Here's my homily from this morning.

It scared me…looking at that little kid. He was no more than three years old, screaming and crying at the top of his lungs in the middle of the aisle at Walmart a couple weeks ago. I had gone in to buy a year’s worth of soap and shampoo (as old men do this time of year) and as I turned into aisle three I spotted him, all alone, a quivering mass of tremulous panic and primal scream. He was lost. Lost and alone.

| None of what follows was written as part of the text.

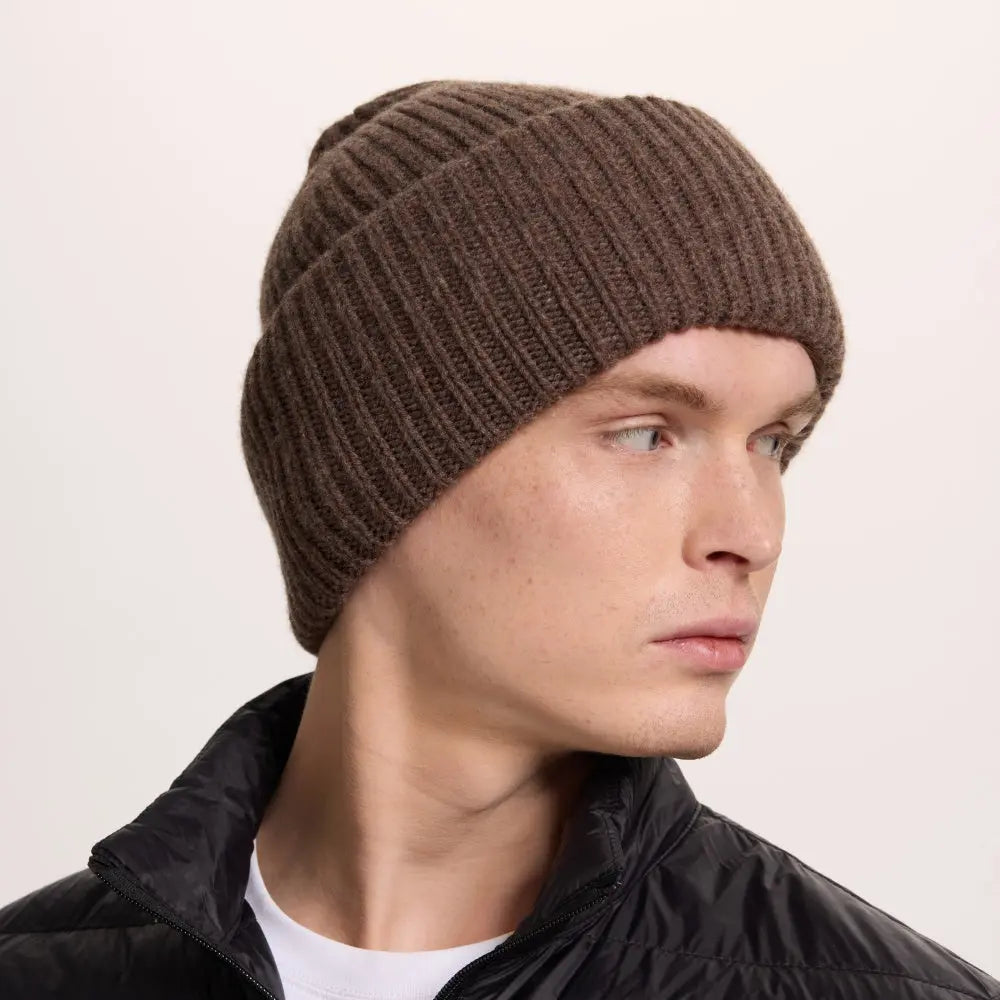Blank High-Cuffed 100% Merino Wool Beanie - 1338 foremosthat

Lost like the old lady whose family abandoned her, so she ended up in a ramshackle nursing home in the North End of Springfield. And while that aid from Ghana is nice to her, most of the time she just sits in her urine-soaked wheelchair and cries softly, struggling through a cloud of dementia to remember a time when someone loved her enough to smile at her. She’ll be alone this Christmas. She’s lost.

And then there’s the kid at B.C. who just a few months ago thrilled at the idea of being in College, at the freedom to hook up or drop into a rager and then tweet selfies to all his friends. He’s even tried other stuff and while it all felt great at the time, no one really texts him back anymore and he’s not sure they ever will…ever. He’s alone today. He’s lost.

Lost as the the guy who the day after he told his wife about that thing he did, watched her walk out the door with the kids in tow, or the fellow who got laid off last week before he could even buy Christmas gifts for the kids, or the old man sitting in his car and just staring at the steering wheel after hearing it was stage four cancer, or the old woman who has just buried her husband of fifty years, who can’t stop sobbing as she walks from the grave. Lost. All lost. Living in a desperate diaspora of hopelessness and convinced it will never end.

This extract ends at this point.